Entries supplied —
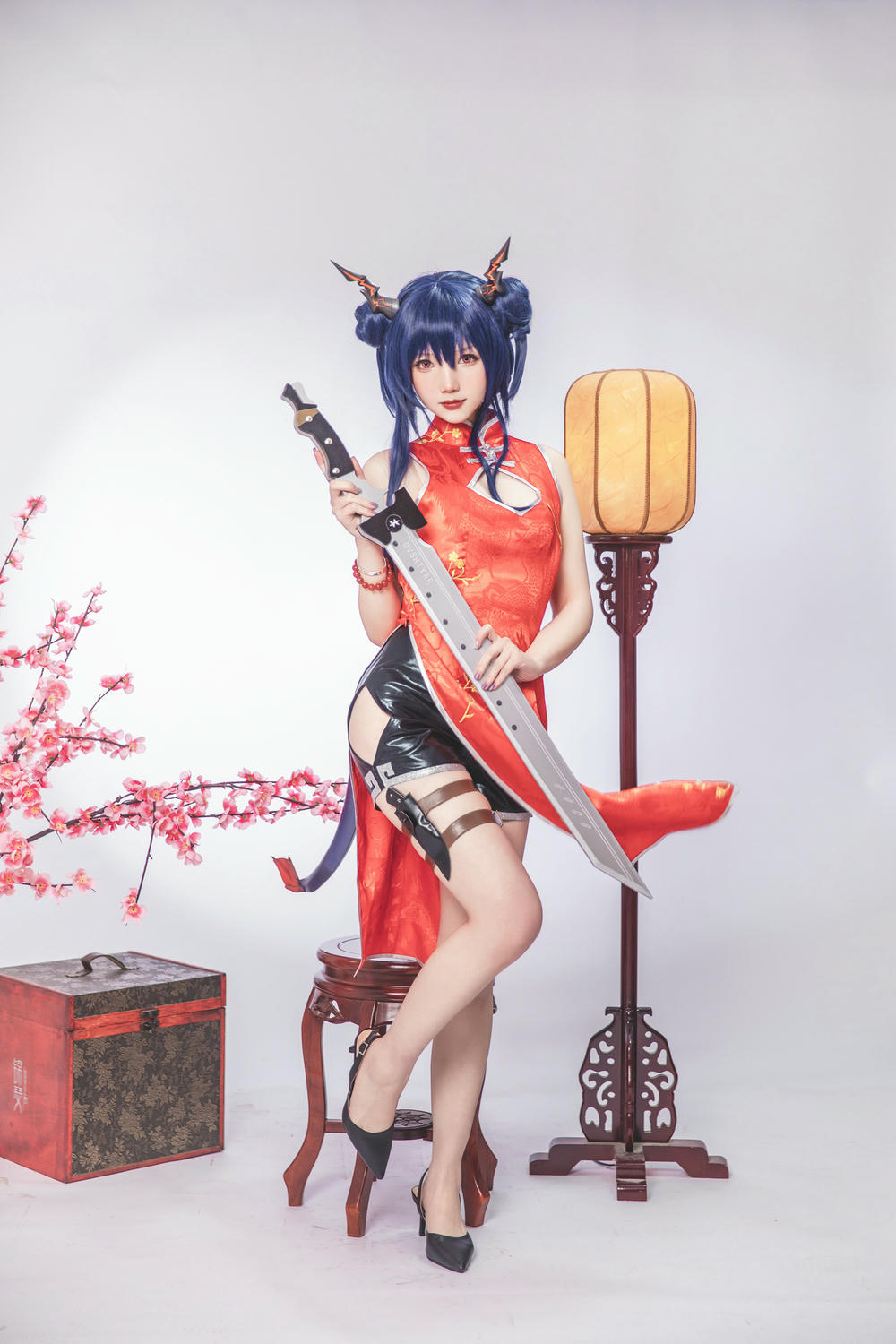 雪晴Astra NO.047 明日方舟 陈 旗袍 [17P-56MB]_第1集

==

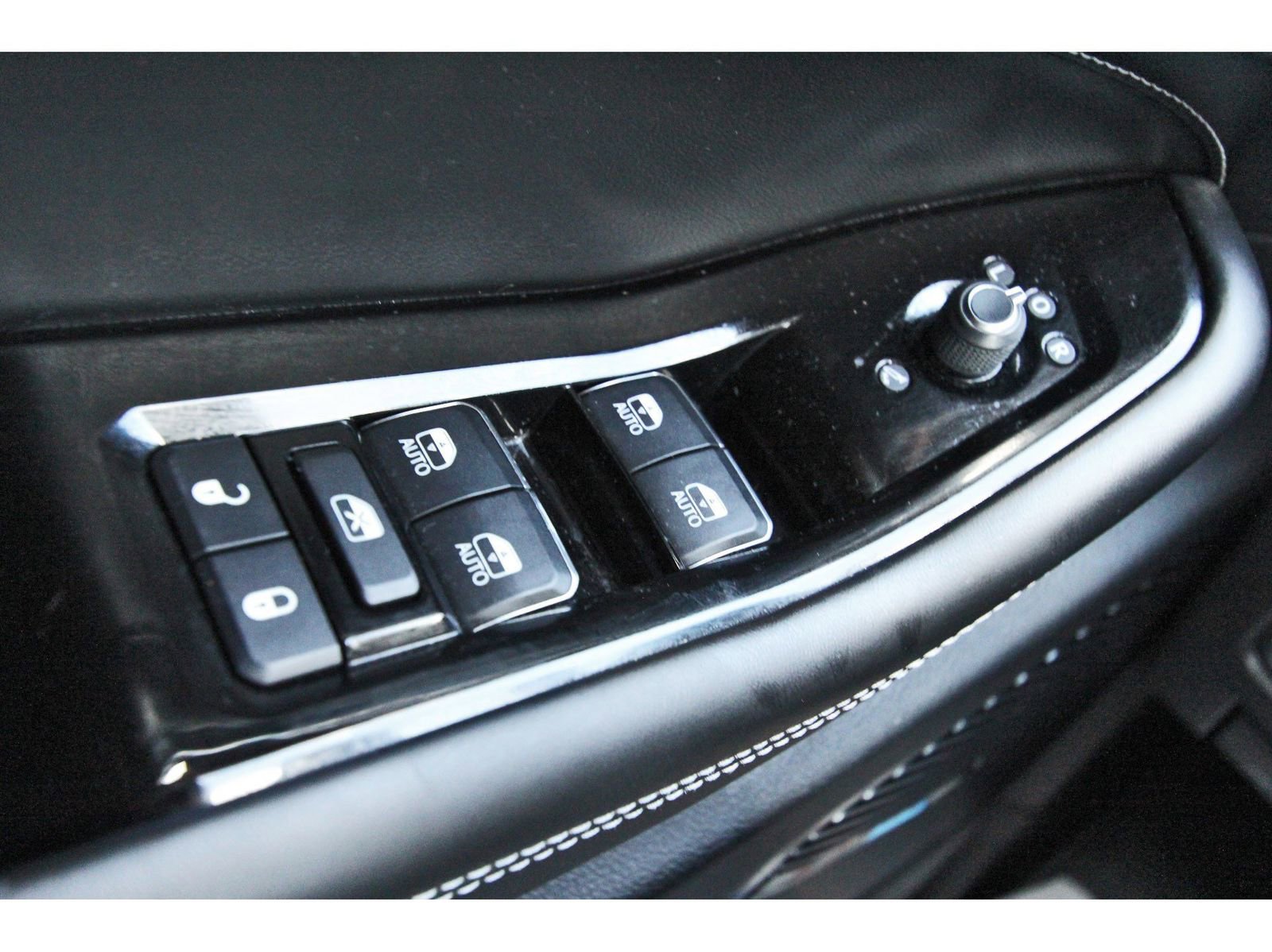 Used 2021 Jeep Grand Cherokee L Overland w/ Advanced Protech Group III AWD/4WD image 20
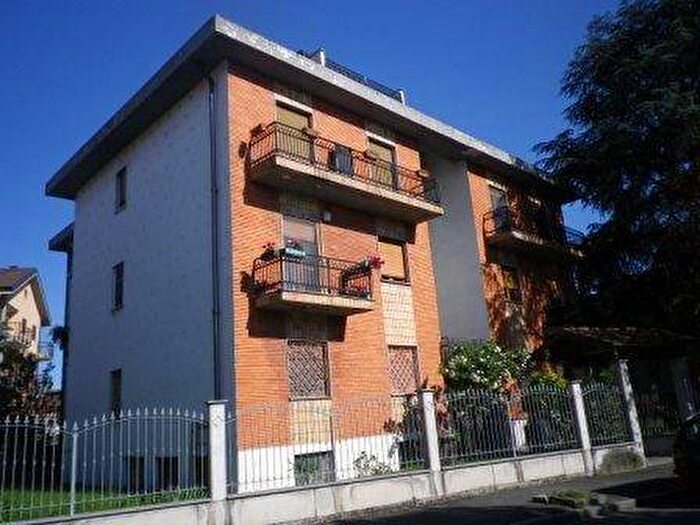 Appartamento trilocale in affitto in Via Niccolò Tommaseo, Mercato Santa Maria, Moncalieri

...

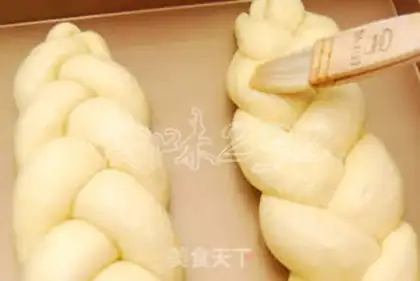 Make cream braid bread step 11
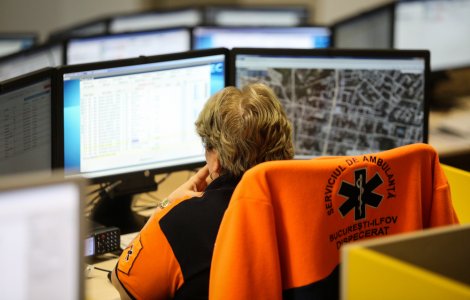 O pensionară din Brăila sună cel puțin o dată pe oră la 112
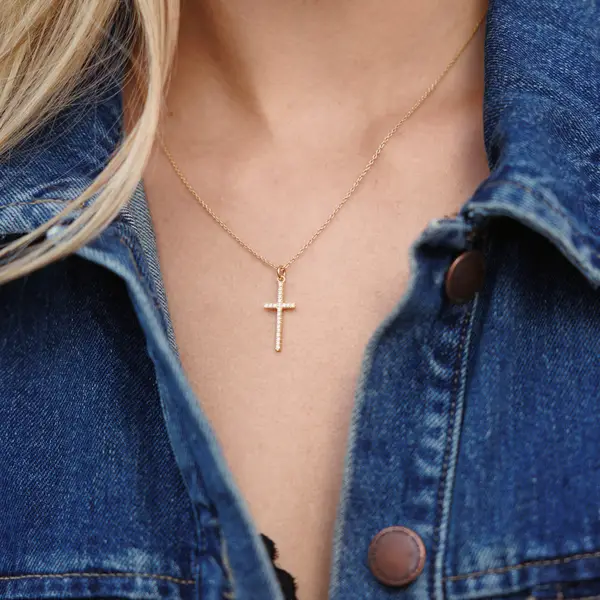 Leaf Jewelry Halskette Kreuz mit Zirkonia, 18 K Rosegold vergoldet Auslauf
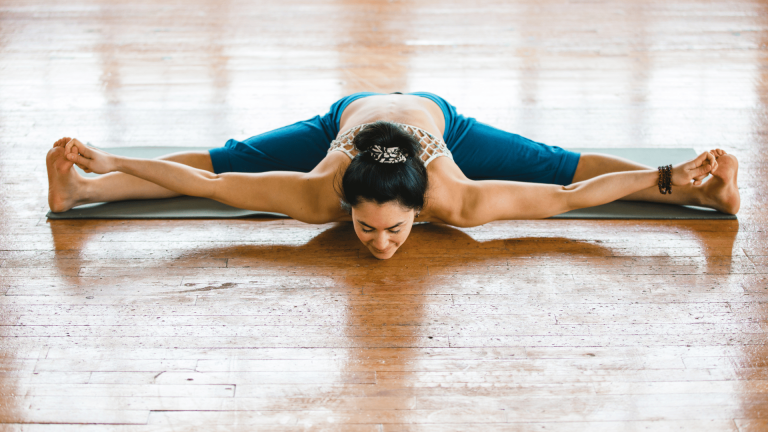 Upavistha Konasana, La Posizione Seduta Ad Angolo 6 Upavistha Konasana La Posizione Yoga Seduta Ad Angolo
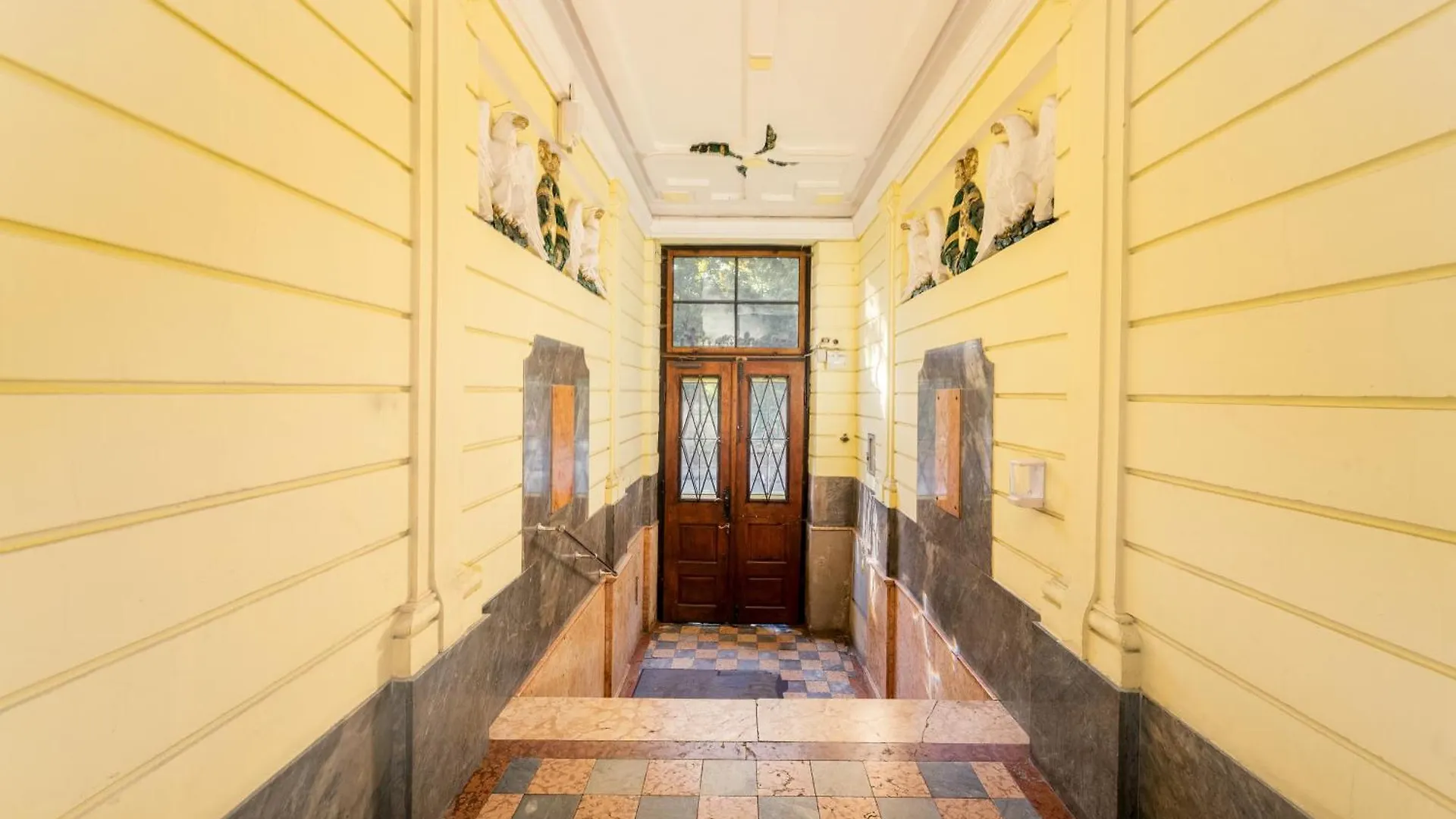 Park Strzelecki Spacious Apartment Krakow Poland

Work instruction —
Transcribe, word for word, the lines of the listing above from the one that contains "Make cream braid bread step 11" through the one that contains "Park Strzelecki Spacious", keeping both ends and dropping the pictures.

Task answer —
 Make cream braid bread step 11
 O pensionară din Brăila sună cel puțin o dată pe oră la 112
 Leaf Jewelry Halskette Kreuz mit Zirkonia, 18 K Rosegold vergoldet Auslauf
 Upavistha Konasana, La Posizione Seduta Ad Angolo 6 Upavistha Konasana La Posizione Yoga Seduta Ad Angolo
 Park Strzelecki Spacious Apartment Krakow Poland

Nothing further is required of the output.